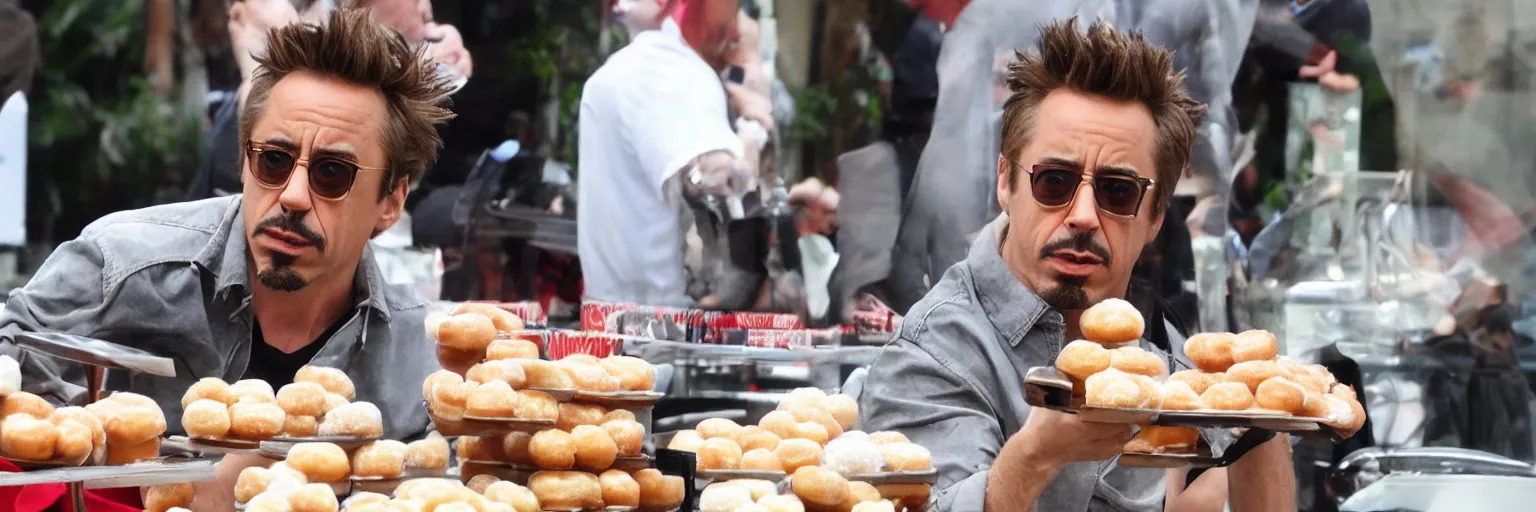 Prompt: Robert Downy Jr. eating some fresh donuts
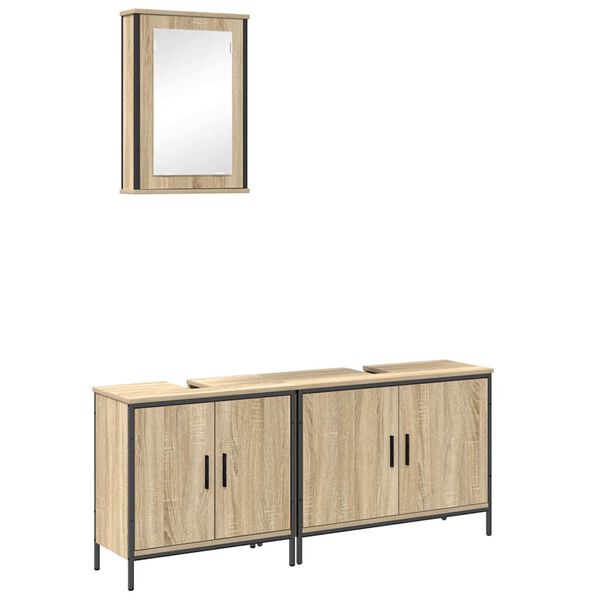 vidaXL Bathroom Furniture Set with Shelf 3 pcs Brown Engineered wood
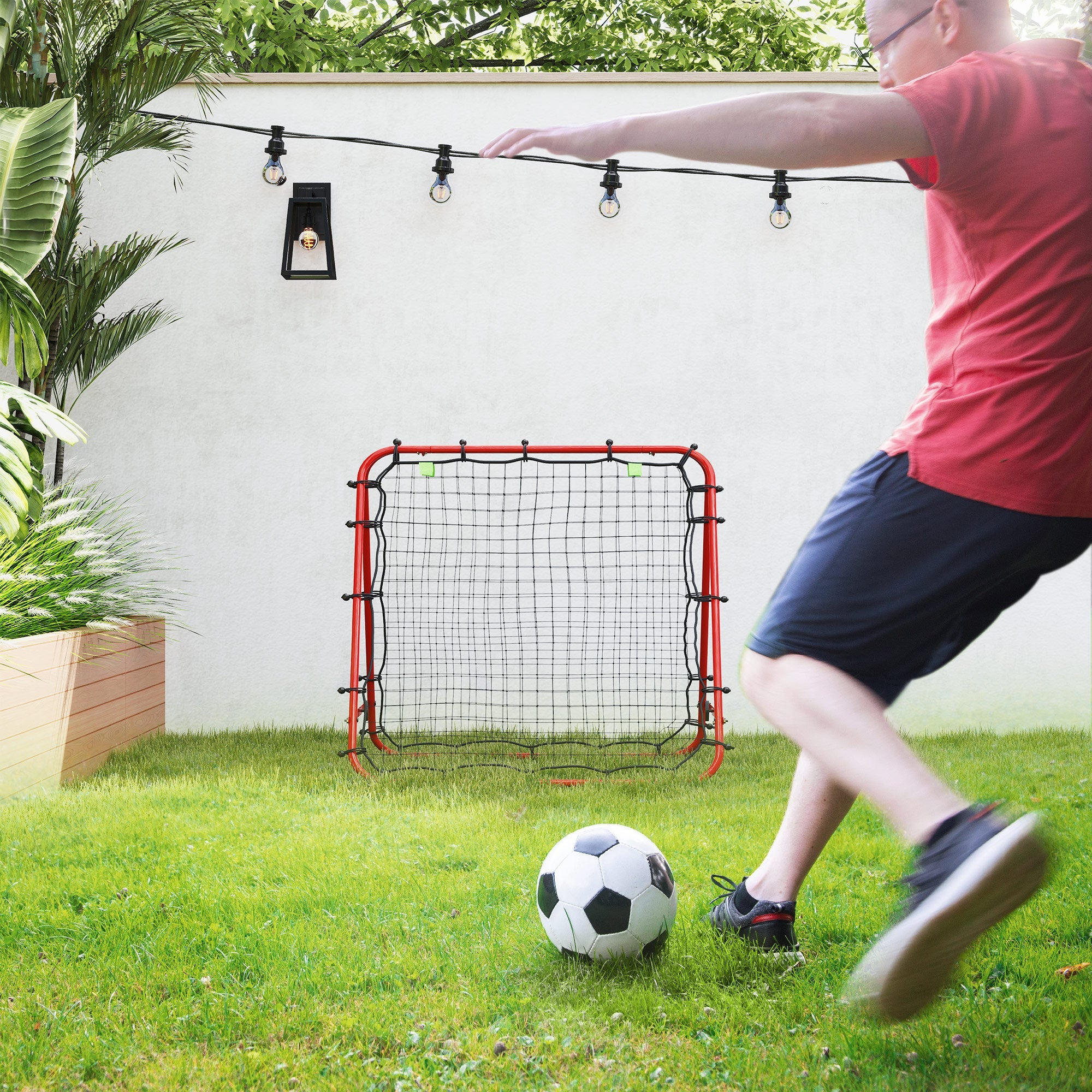 HOMCOM Double Sided Football Rebounder Net, Football Rebound Goal with Five Adjustable Angles, Red 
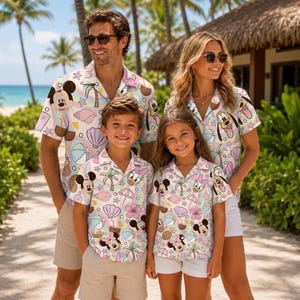 Cruise Squad Hawaiiaans familieshirt, Mickey en vrienden cruise naar Hawaï, overhemd met knoopsluiting voor een cruise, zomershirt, vakantieshirt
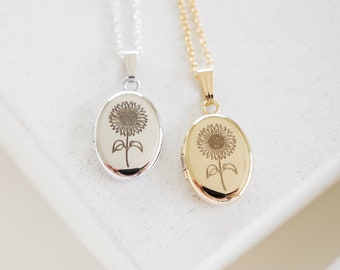 Sunflower Oval Locket Necklace, 14K Gold, Silver Personalized Photo Gifts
* * * * *
WHAT YOU HAVE TO DO:
Your copy should consist solely of the lines from the line containing "vidaXL Bathroom Furniture" through the last line of the records above, reproduced exactly, with the pictures left out.

WRITTEN RESPONSE:
 vidaXL Bathroom Furniture Set with Shelf 3 pcs Brown Engineered wood
 HOMCOM Double Sided Football Rebounder Net, Football Rebound Goal with Five Adjustable Angles, Red 
 Cruise Squad Hawaiiaans familieshirt, Mickey en vrienden cruise naar Hawaï, overhemd met knoopsluiting voor een cruise, zomershirt, vakantieshirt
 Sunflower Oval Locket Necklace, 14K Gold, Silver Personalized Photo Gifts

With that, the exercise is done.